Unicode CLDR integration into Squeak/Pharo

Mentor: Henrik Sperre Johansen
Second mentor: Paul DeBruicker
Level: Beginner
Invited students: Siddharth Bhatia, Nirbhai Singh
Students interested: Siddharth Bhatia, Nirbhai Singh, Gareth Cox(lightly)


The Common Locale Data Repository CLDR (http://cldr.unicode.org/) is a maintained set of locale specific information for use in programs.  Creating a package that integrates it into Squeak & Pharo would help with internationalization (i18n) and localization (l10n) for the platforms.  It would be preferable to be able to load a limited number of locales rather than the whole thing into every image.  We would probably benefit from having a Fuel based data repo somewhere that can access the updated and interpreted standards.

Technical details

We envision the project proceeding in this manner:

1. Create a limited object-model for the part of CLDR Locales that provides the same capabilities as current Locales (including a legacy protocol)

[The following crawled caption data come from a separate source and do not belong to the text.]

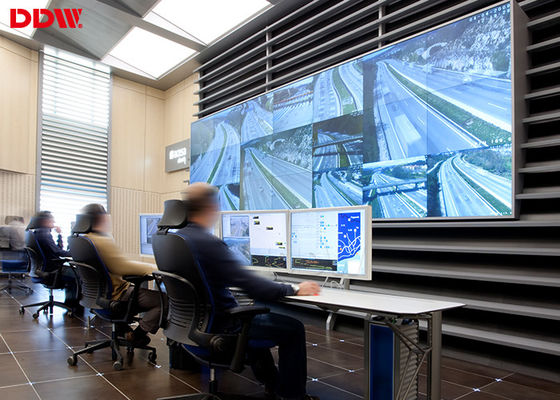 700nits عالية السطوع شاشة LCD مركز إدارة مركز تجاري الجدار مضادة للوهج السطحية DDW-LW550HN14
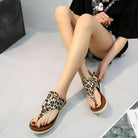 Damen-Sandalen mit Leopardenmuster, bequem und modisch, ideal für Sommer-Outfits. Perfekt für Strand, Freizeit und Alltag.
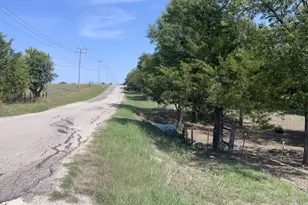 1323 E College St, Princeton, TX 75407 - Photo 36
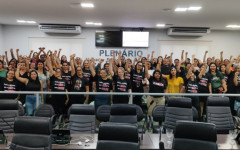 Manifestação reuniu professores da rede municipal em greve contra o novo PCCR enviado pelo Executivo.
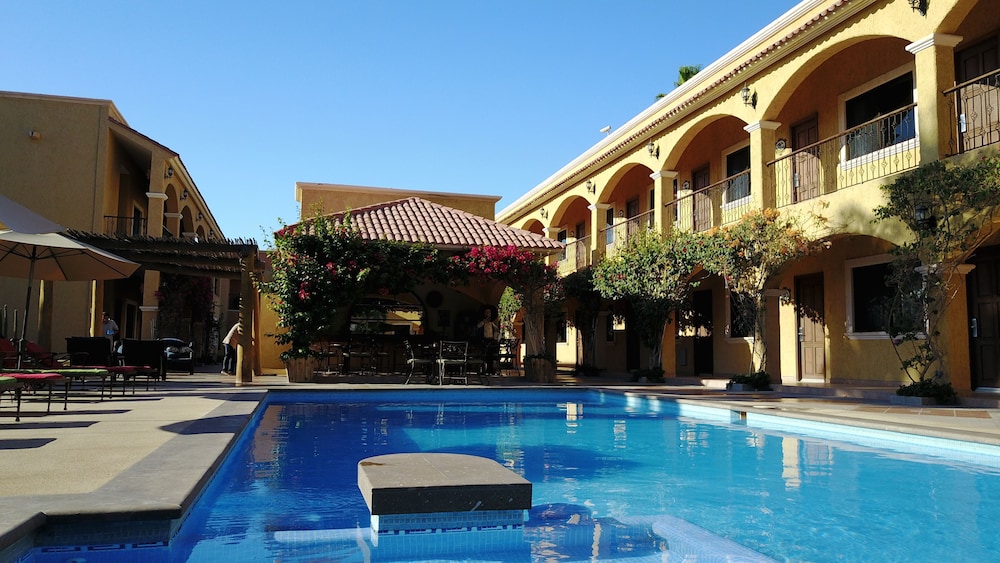Hacienda Suites Loreto 2/53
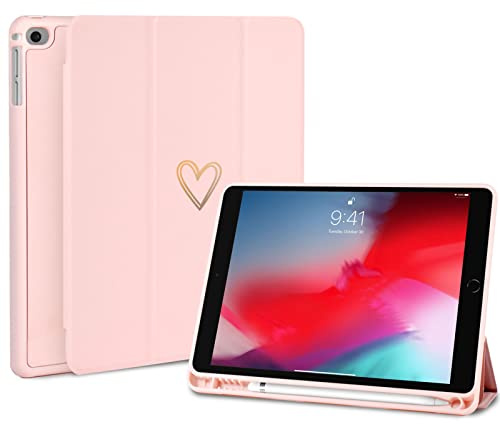 Fycyko Compatible avec Coque pour iPad 9,7 Pouces, iPad 6ème/5ème Génération 2018/2017 Coque avec Porte-Crayons, Femmes Filles Motif Coeur Étui pour iPad 9,7 Case -Rose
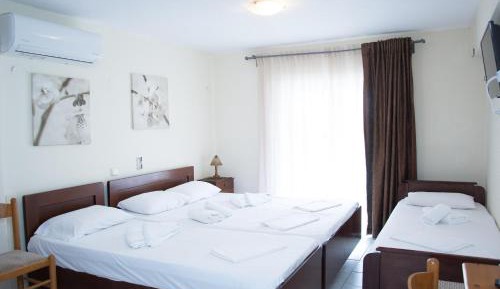 Classic Quadruple Room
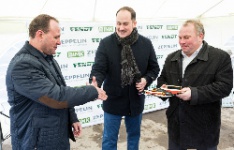 Урочиста передача техніки ІМК від Цеппелін Україна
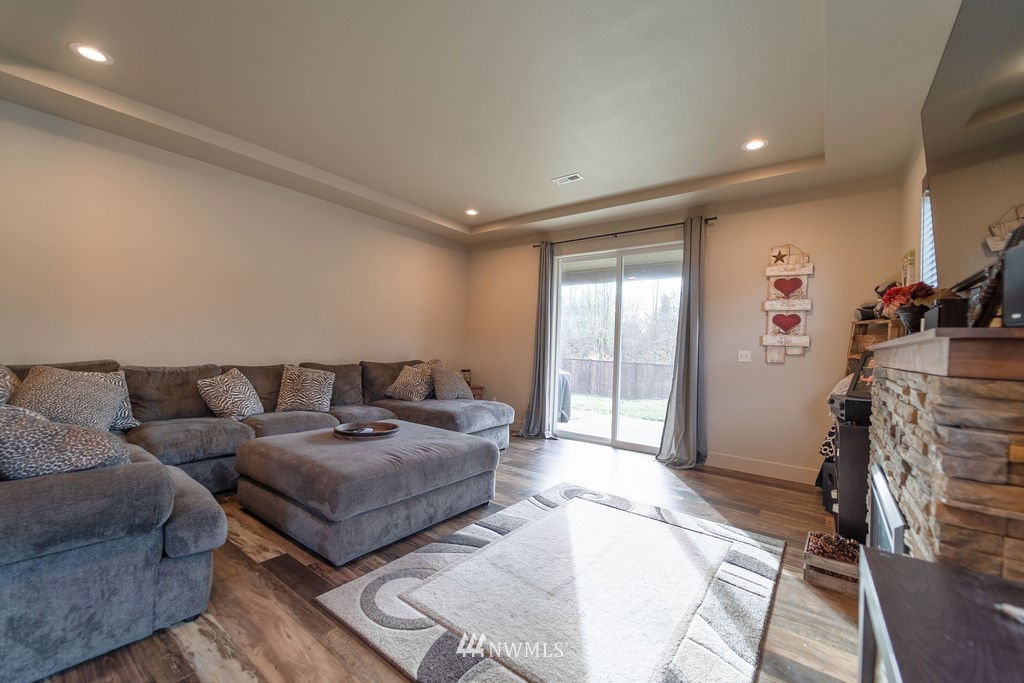 267 Parkside Loop Napavine, WA 98532 - Photo 2 of 30 Gallery Image 2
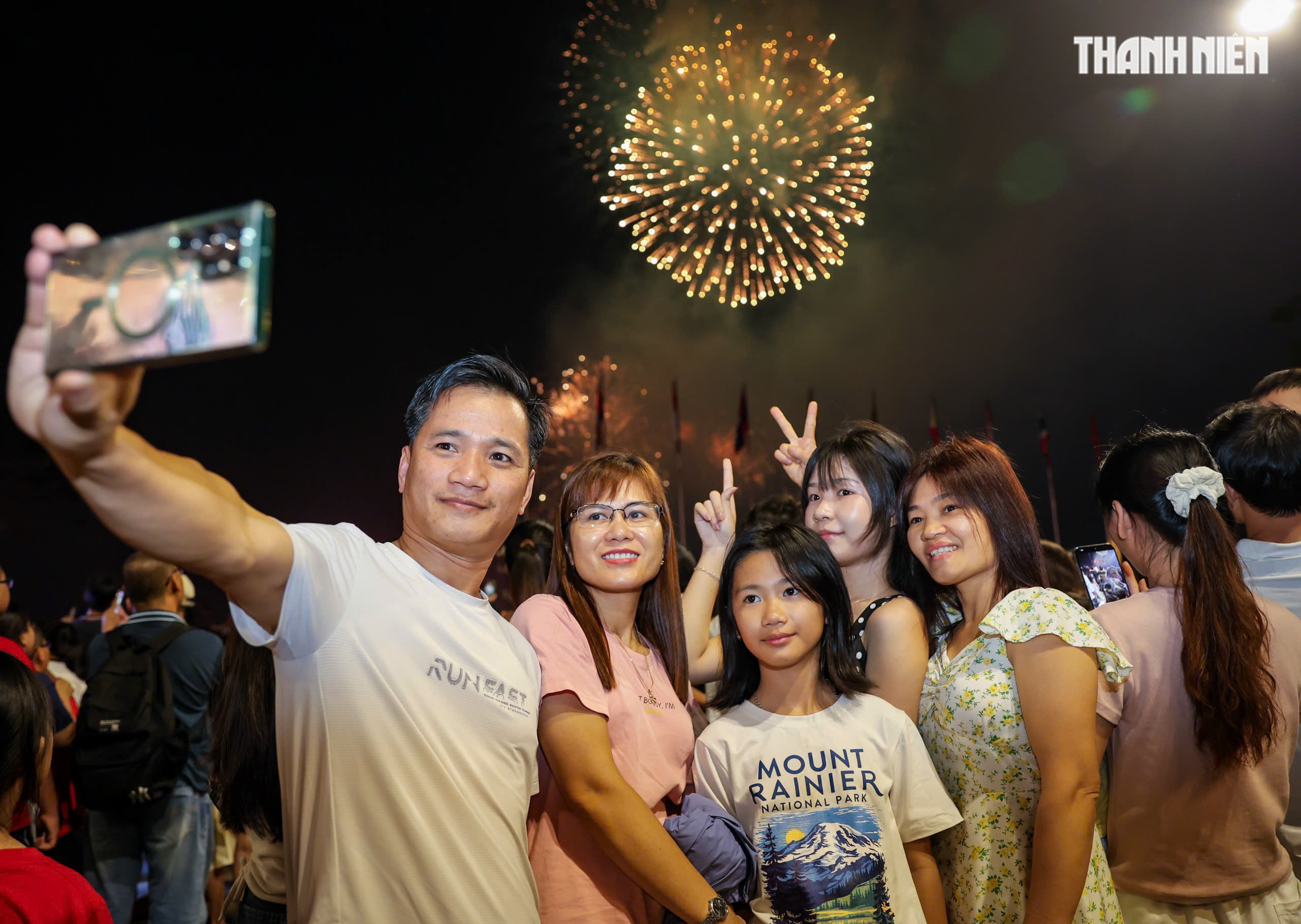 Ph&aacute;o hoa rực rỡ bầu trời TP.HCM: Ch&uacute;c mừng năm mới B&iacute;nh Ngọ 'm&atilde; đ&aacute;o th&agrave;nh c&ocirc;ng' - Ảnh 4.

2. Implement parsing/reading of the CLDR data files.

3. System integration; import a CLDR Locale from the data files for the system-reported locale (en_GB, nb_NO), and installing it as the current locale

4. Implement import/export of Locale objects using Fuel

5. Expand the object model to include a new capabiliy of a CLDR Locale not present in the current C-inspired locales (string collation, etc)

6. Provide useful system integration of said capability

7. Repeat 5/6 until running out of time

The CLDR is constantly edited and updated and published as a spec and set of XML files.  Those files would need to be regularly downloaded and parsed to create a publicly available repository that Smalltalkers could access to import only those locales they're interested in having in their images. A repository on github that contains a Fuel file per locale would be an acceptable solution.

Benefits to the Student

Work with international standards, web services, wider knowledge of the affects of the actions of politicians and history.

Benefits to the Community

Being able to properly interpret, compare, and format currencies, dates, times, inside their images.

Updated: 24.4.2013